When bebop first started, Dizzy Gillespie and all the guys were singing,
you know, they were singing songs. They would sing a few phrases, you know,
and then they'd play some more and sing something else. But today some of
the jazz musicians are so bound up in ego, you know, that I can imagine
when some of the guys hear me sing now, they say I'm copping out, you know
what I mean? I'm not taking my lead from white musicians or popular things,
but from my background, from Billy Eckstine. When Billy Eckstine first
stated, he was also a trumpet player, a trombone player with a band, and
his band was the first bebop big band.
Nat King Cole-he was a fantastic piano player. He had classic trios in
jazz; Ahmad Jamal and all those people are relating to Nat King Cole's
group. He had a group with bass, guitar, and piano. He never said anything.
It was fantastic. He never sang. He just played.
I'm singing because I like to and because I'm developing as a performer.

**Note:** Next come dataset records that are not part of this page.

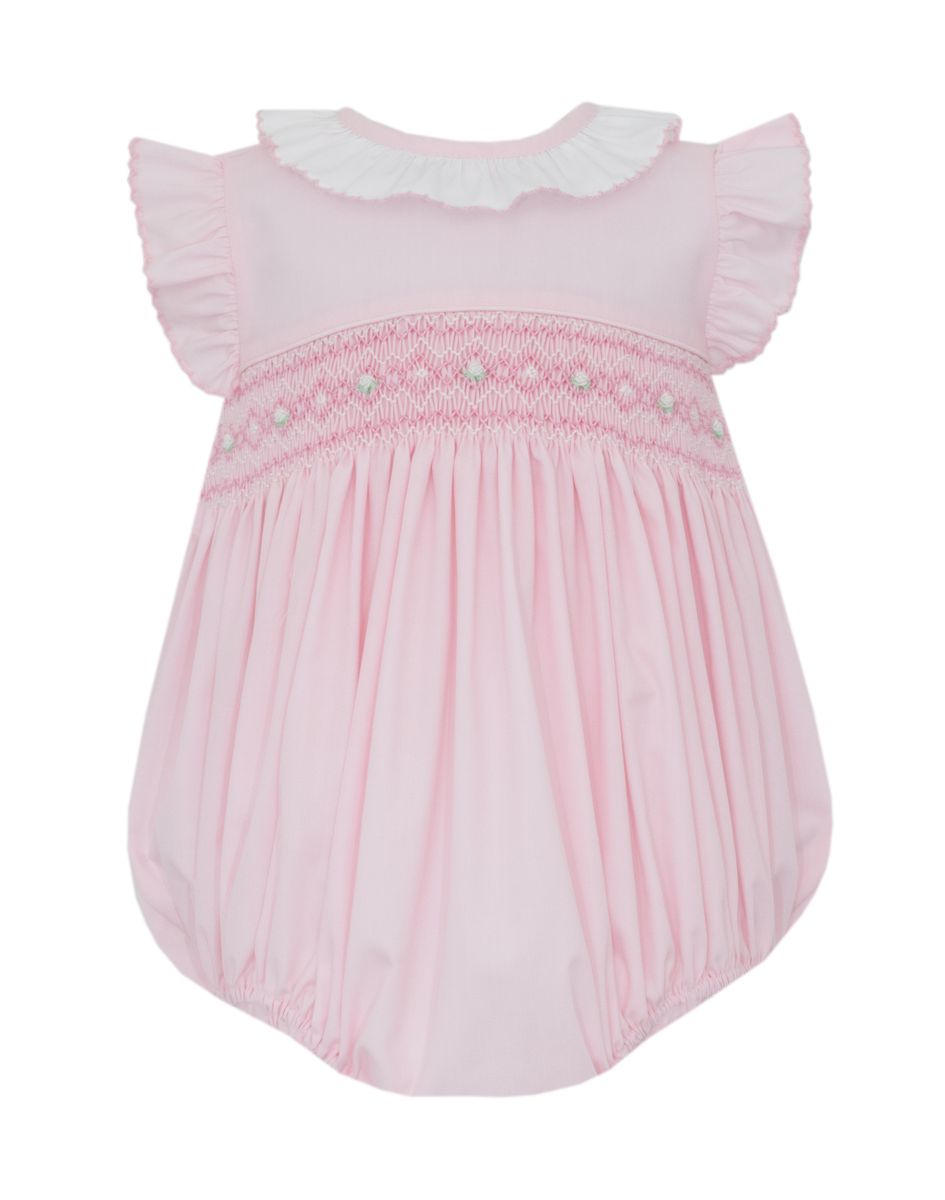 Mila-Pink Poplin Sleeveless Girl’s Bubble w/White Ruffle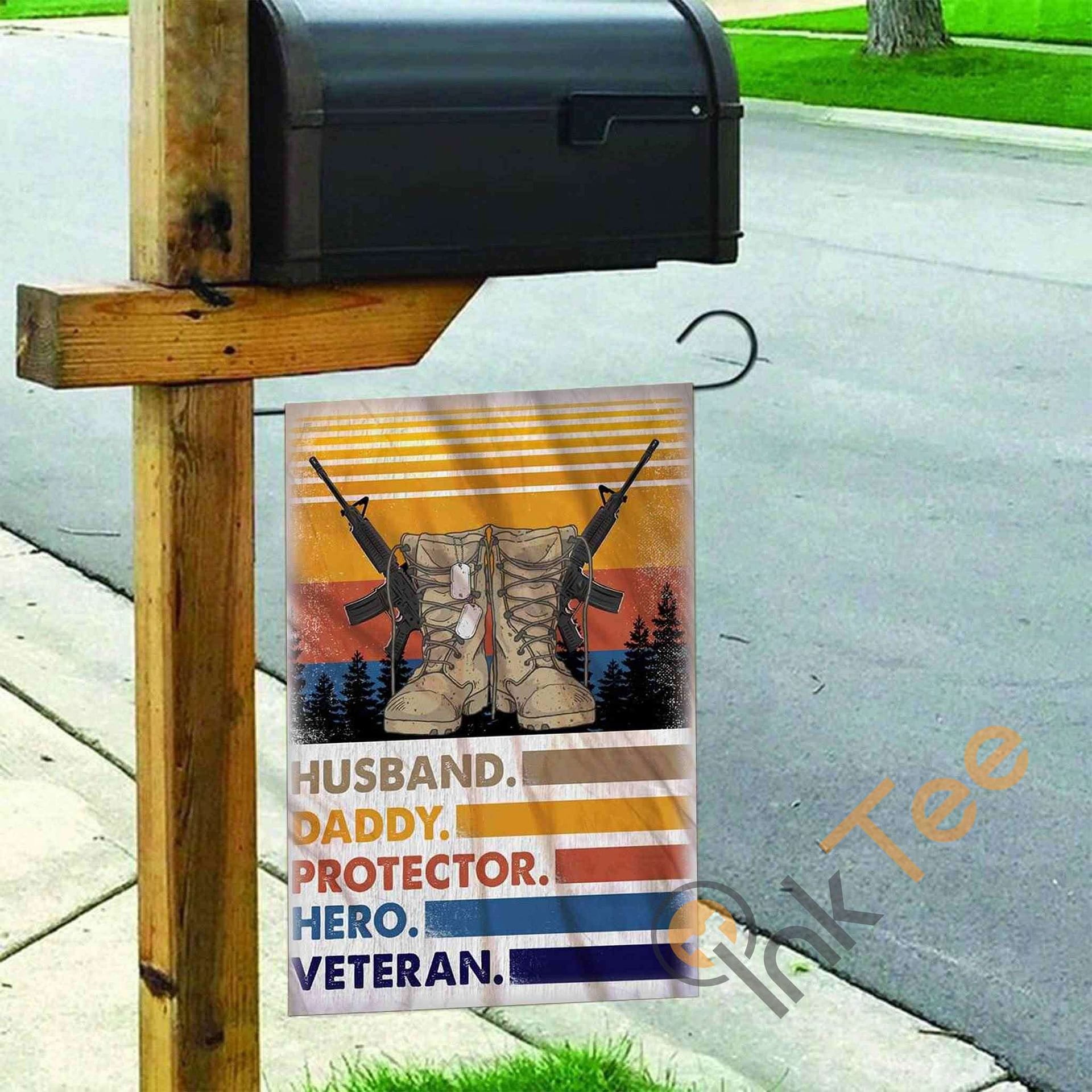 Inktee Store - Custom Husband Daddy Protector Hero Army Veteran Garden Flag Image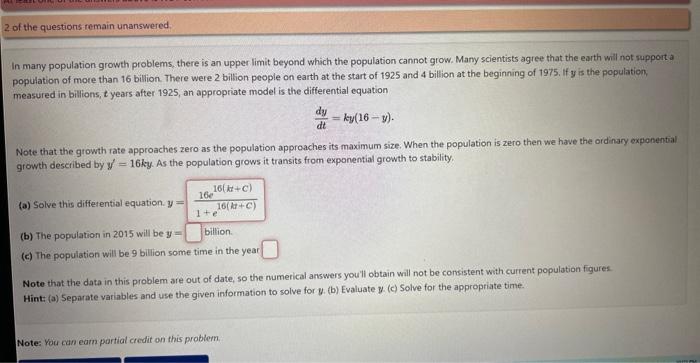 Solved In many population growth problems, there is an upper | Chegg.com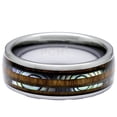 thumbnail image 5 of Men's Women's Tungsten Ring Abalone Koa Wood Wedding Band 8mm (10), 5 of 6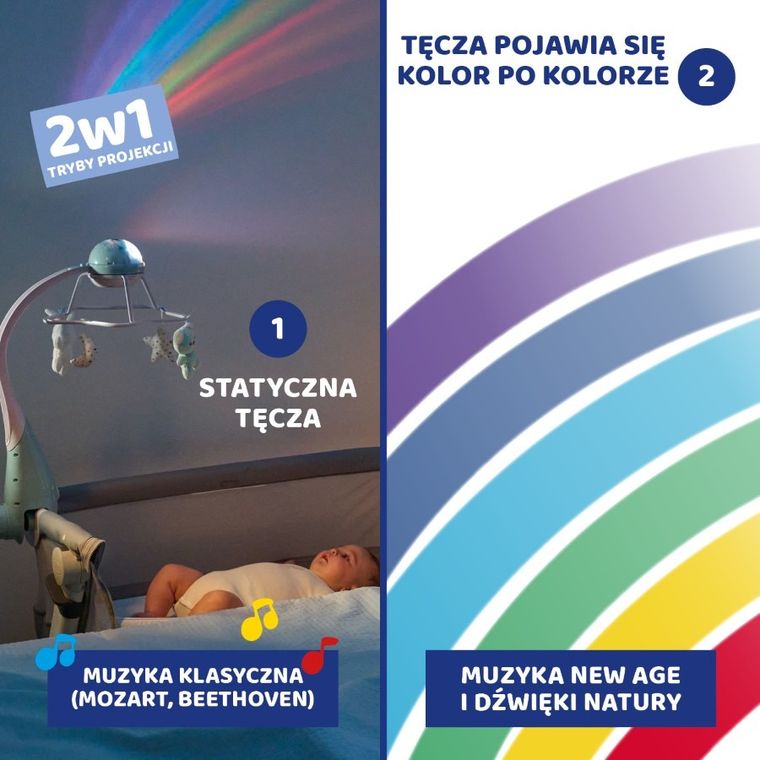 Chicco, First Dreams, karuzela do łóżeczka, 3w1, rainbow, niebieska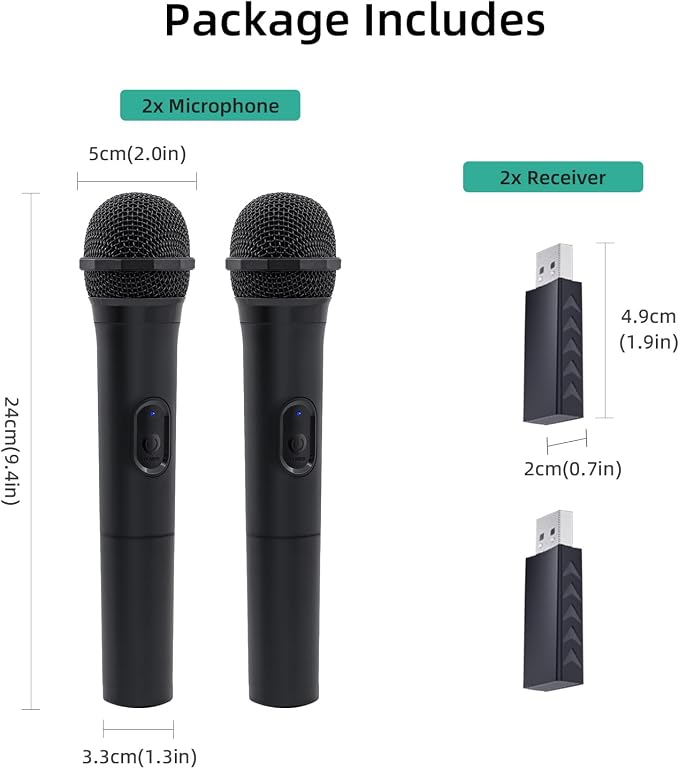 Mcbazel 2 Pack Wireless USB Gaming Microphone Compatible with Xbox Series X/S, PS5, Switch OLED, NS Switch/Switch2, PC, PS4, PS3, PS2, Xbox One X/S, Xbox One, Xbox 360, Wii - Image 8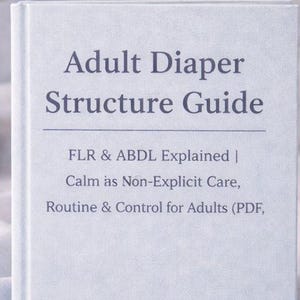 Puede incluir: Un libro azul claro titulado "Adult Diaper Structure Guide" con texto que incluye "FLR & ABDL Explained" y "Calm as Non-Explicit Care". El libro está sobre una superficie blanca, con un jarrón de flores y una vela encendida en el fondo.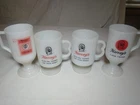 Vintage Lot Casino Harvey's Lake Tahoe Coffee Cup Mug Milk Glass Footed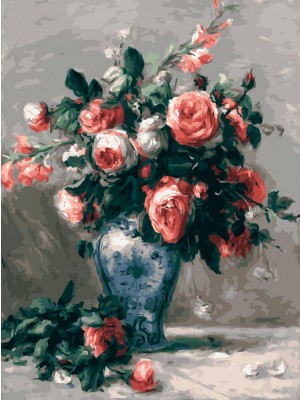 Белоснежка 905-AS Ренуар. Розы в синей вазе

I'd like to see Cecil Taylor play the electric piano.
You know, Johnny (McLaughlin) plays so fantastically; you know, I mean we
play good together. I could find no other trumpet player that would make me
feel like playing after playing with Miles, right? I could find no
saxophone player that I like as much and who has as broad a scope as Wayne
Shorter. I could find no other bass player in that style, playing like Ron
Carter, or another piano player, so I had to find something completely
different to throw myself into, instead of trying to carry on that kind of
style. It would have been disastrous for me to try to get a group, a
quintet, saxophone, and make nice pleasant records. I'd like to be able for
people to say, yeah, that's great, you know, but I'm not going out of my
way to do it.
Any woman that tells you that she wants-wait a minute, any woman that
tells you she wants to go out and work is not black because black women,
all through history, have worked more than black men. They were the only
ones that could get jobs. They had to bring home the pay and the man had to
stay home because he couldn't get a job.
Somebody came back to me and said, "What are you doing about white guys
in your band?" That's such a drag, because like I told other people, it's
such a thing now, I'm really in the middle of everything. On one side, I've
got black militants, you know, and it should be all black, and the rock
musicians don't really consider us rock. You know, we're not trying to be
rock. They think we're trying to play up to them, and we're not. And I'm
not trying to get away from jazz because I want to make money, and that's
not it either. I've got all these things coming down on me.
Oh, that's a thing. I like all kinds of food. I'm a food freak, all
kinds of stuff, raw fish to Wheaties.
I love playing the drums.
Coleman Hawkins, Charlie Parker, even my father. I'm not going to let them
just be in vain. I'm not going to let the black experience be in vain.